## [Data]
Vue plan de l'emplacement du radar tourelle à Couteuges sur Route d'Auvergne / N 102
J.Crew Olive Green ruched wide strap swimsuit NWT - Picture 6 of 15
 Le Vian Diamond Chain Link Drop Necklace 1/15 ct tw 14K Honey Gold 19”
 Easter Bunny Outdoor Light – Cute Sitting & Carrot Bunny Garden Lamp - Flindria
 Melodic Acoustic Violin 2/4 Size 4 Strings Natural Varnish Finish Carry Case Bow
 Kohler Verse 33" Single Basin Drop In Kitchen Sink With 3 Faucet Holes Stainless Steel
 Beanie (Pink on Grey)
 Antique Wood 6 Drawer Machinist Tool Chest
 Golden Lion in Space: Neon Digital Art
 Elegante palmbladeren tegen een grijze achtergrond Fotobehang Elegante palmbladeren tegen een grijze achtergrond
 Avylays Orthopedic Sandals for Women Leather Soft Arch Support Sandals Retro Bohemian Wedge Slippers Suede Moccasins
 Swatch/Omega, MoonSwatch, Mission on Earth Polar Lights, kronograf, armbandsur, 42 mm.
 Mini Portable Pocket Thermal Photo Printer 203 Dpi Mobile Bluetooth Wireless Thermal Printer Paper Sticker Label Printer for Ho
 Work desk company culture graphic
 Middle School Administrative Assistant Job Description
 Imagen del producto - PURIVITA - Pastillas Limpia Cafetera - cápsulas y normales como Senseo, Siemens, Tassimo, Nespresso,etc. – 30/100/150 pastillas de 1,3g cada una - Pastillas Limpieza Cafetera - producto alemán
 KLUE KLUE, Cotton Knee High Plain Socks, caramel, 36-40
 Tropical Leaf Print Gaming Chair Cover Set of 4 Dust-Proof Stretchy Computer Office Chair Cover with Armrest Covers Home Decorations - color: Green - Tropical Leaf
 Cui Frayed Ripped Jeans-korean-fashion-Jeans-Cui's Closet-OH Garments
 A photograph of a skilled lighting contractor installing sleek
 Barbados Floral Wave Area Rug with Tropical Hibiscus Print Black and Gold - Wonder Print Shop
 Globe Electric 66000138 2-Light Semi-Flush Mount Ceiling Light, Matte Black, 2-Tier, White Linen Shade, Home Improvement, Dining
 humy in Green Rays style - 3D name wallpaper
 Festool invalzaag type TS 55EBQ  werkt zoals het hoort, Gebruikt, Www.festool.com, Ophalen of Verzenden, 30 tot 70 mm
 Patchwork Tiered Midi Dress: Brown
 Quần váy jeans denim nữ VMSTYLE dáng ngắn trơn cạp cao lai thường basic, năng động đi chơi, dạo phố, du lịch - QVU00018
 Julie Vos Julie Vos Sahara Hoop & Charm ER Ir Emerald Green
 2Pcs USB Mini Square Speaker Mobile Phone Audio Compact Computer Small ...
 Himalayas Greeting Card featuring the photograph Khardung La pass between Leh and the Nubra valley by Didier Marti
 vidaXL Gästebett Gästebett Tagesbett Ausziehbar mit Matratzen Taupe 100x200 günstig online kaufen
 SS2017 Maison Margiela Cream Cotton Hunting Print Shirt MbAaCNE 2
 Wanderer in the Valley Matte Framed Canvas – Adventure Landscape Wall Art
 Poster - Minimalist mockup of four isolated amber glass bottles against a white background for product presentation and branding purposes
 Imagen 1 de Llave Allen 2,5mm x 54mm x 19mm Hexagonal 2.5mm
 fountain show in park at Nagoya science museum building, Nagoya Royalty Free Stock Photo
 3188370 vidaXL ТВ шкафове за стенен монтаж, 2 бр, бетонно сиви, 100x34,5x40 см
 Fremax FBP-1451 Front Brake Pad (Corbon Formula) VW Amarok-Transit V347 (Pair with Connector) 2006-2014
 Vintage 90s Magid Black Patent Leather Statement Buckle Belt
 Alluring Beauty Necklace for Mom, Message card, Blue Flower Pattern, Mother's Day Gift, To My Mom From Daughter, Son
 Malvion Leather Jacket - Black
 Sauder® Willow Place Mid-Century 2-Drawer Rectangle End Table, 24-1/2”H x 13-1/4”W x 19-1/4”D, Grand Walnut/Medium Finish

## [Problem statement]
Please reproduce, exactly as they appear above, the lines from the line containing "Elegante palmbladeren tegen een grijze achtergrond Fotobehang" up to and including the line containing "Barbados Floral Wave".

## [Task answer]
 Elegante palmbladeren tegen een grijze achtergrond Fotobehang Elegante palmbladeren tegen een grijze achtergrond
 Avylays Orthopedic Sandals for Women Leather Soft Arch Support Sandals Retro Bohemian Wedge Slippers Suede Moccasins
 Swatch/Omega, MoonSwatch, Mission on Earth Polar Lights, kronograf, armbandsur, 42 mm.
 Mini Portable Pocket Thermal Photo Printer 203 Dpi Mobile Bluetooth Wireless Thermal Printer Paper Sticker Label Printer for Ho
 Work desk company culture graphic
 Middle School Administrative Assistant Job Description
 Imagen del producto - PURIVITA - Pastillas Limpia Cafetera - cápsulas y normales como Senseo, Siemens, Tassimo, Nespresso,etc. – 30/100/150 pastillas de 1,3g cada una - Pastillas Limpieza Cafetera - producto alemán
 KLUE KLUE, Cotton Knee High Plain Socks, caramel, 36-40
 Tropical Leaf Print Gaming Chair Cover Set of 4 Dust-Proof Stretchy Computer Office Chair Cover with Armrest Covers Home Decorations - color: Green - Tropical Leaf
 Cui Frayed Ripped Jeans-korean-fashion-Jeans-Cui's Closet-OH Garments
 A photograph of a skilled lighting contractor installing sleek
 Barbados Floral Wave Area Rug with Tropical Hibiscus Print Black and Gold - Wonder Print Shop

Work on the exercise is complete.